In reality, the clocks for the various components don't necessarily run at the same rate, or even at integer multiples of the CPU clock. You can have a situation where, for example, there are 3.5 clock cycles on the graphics hardware for every one CPU clock cycle. For a lot of the classic systems, this happened because a single higher master clock is divided down for each component.

A "cycle-accurate" emulator is one that operates as if the emulated state of all hardware were updated on every tick of the master clock.
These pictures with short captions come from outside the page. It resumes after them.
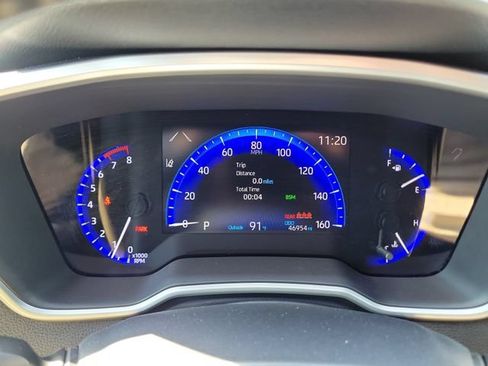 Used 2019 Toyota Corolla XSE FWD image 23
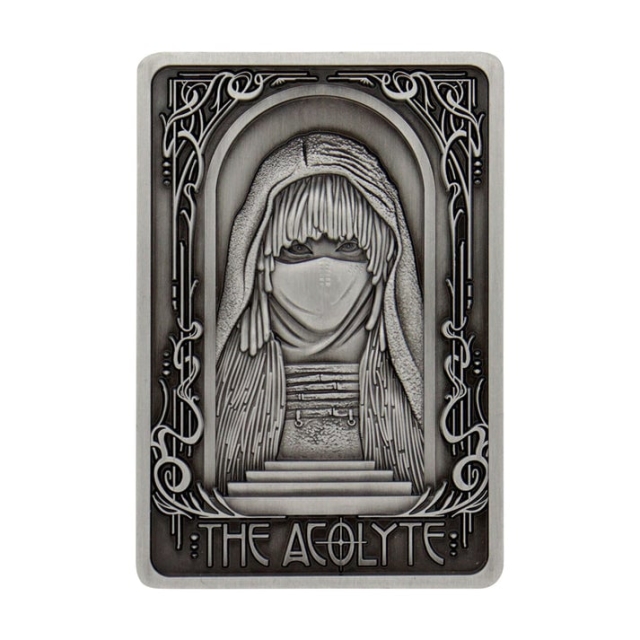 Star Wars The Acolyte Limiterad utgåva Ingot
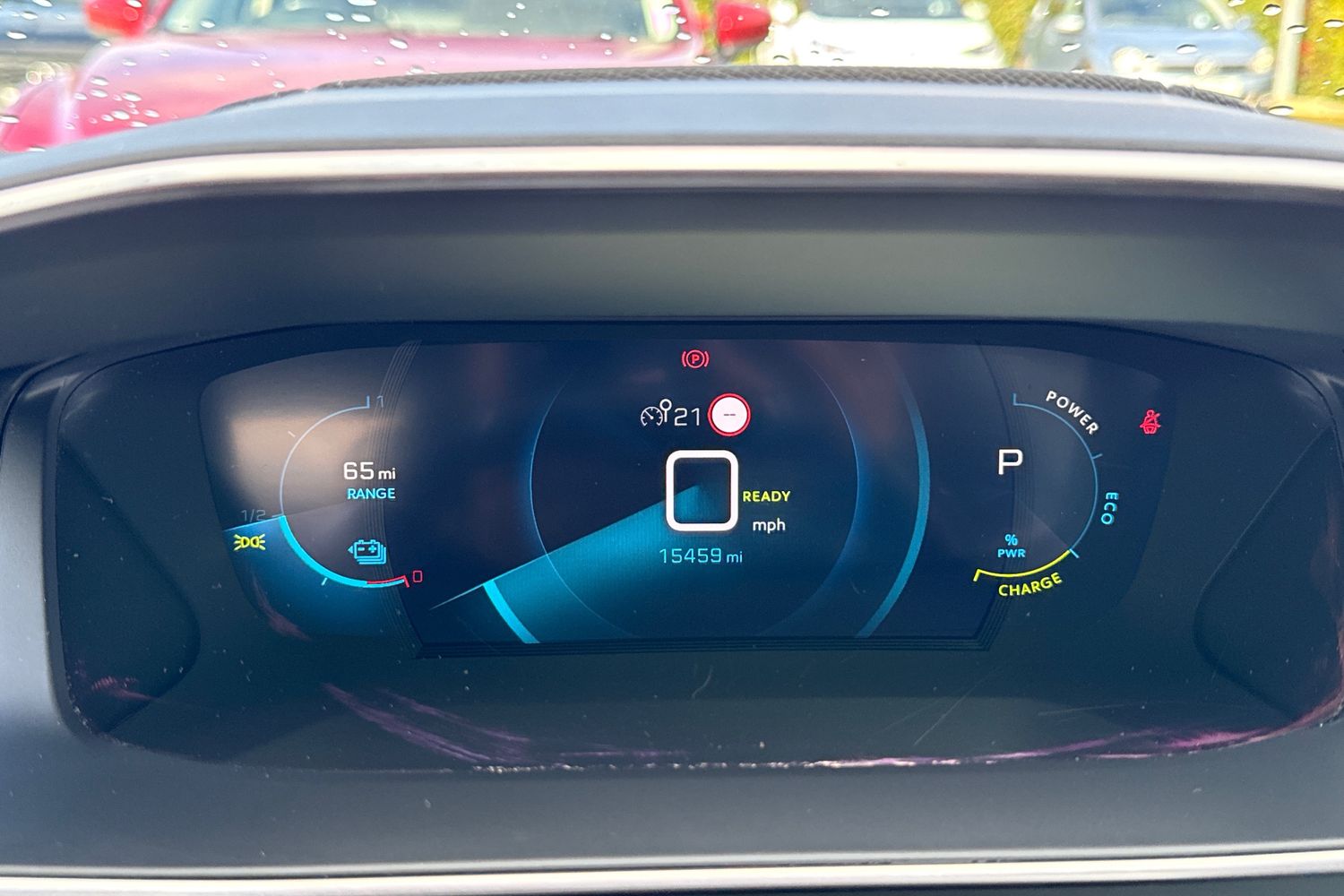 Used Peugeot E-208 2022 for sale - 77570986: Photo 44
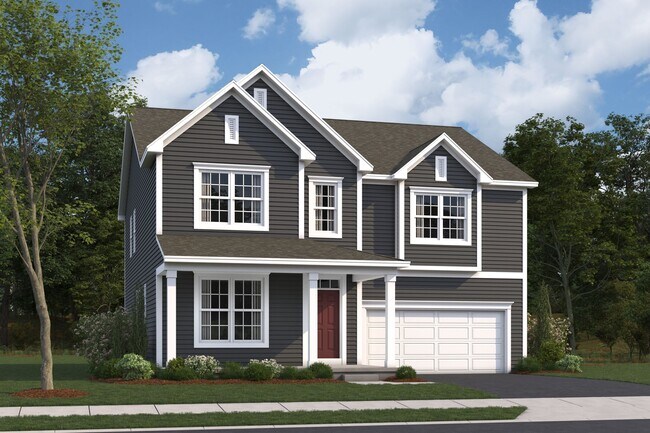 537 Conductor Dr unit 36485970, Plain City, OH 43064 - photo 2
This wasn't generally done in the past because it was far too slow ~20 years ago when emulation of classic consoles and computers really took off.

More sophisticated hardware doesn't necessarily have any single master clock in this sense, so it doesn't make much sense to talk about a "cycle-accurate" emulator of a modern PC, for example.

[1] http://fms.komkon.org/EMUL8/HOWTO.html


I played around with this in my own NES emulator, which works roughly the way you describe. I found that, at least for major-brand titles (Mario/Zelda/Metroid/Kirby), cycle accuracy actually doesn't matter. Everything's based off PPU/APU/mapper interrupts.

In fact, doubling (or more) the CPU clock enhanced some of the games I tried. Animations in Kirby's Adventure became more smooth (e.g. the Spark ability). Screens full of enemies in Metroid ran with no slowdown. The glitchy first scanline of status overlays in various games cleared up. I haven't yet observed negative effects in major-party titles.

I had designed my emulator as an experiment: treat the NES as an abstract specification, rather than a concrete implementation. Turns out that a lot of games seem to have actually been designed following the same principle. It was a wonderful feeling to see these games as I imagine they were intended to be experienced, as if I opened a letter from the game designers left unopened for thirty years.


Bear in mind that sometimes, people want to do tricks that depend on the slowdowns and glitches that happen on real hardware.


I'm sure. That wasn't the point of my experiment.


And in fact some games won't work without them. http://arstechnica.com/gaming/2011/08/accuracy-takes-power-o...


Yeah, every emulator is pretty much going to be fine with Mario, Zelda, and Kirby, but that isn't really the point.


In my case it was.


I guess what I mean to say is that someone endeavoring to write a cycle-accurate emulator wants every game to work exactly like it did originally regardless of what bizarre hardware-specific hacks it relies on. For someone who just wants to play any of the top 20 most popular games on a system and isn't too concerned with minor deviations pretty much any emulator is going to suit their needs (in fact it's a common model to have hacks in the emulator just to make a particular popular game work right).


> It was a wonderful feeling to see these games as I imagine they were intended to be experienced

Did you mean the way they were not intended to be experienced? Otherwise it doesn't make sense. The way they were intended to be experienced is on a real console connected to a CRT TV.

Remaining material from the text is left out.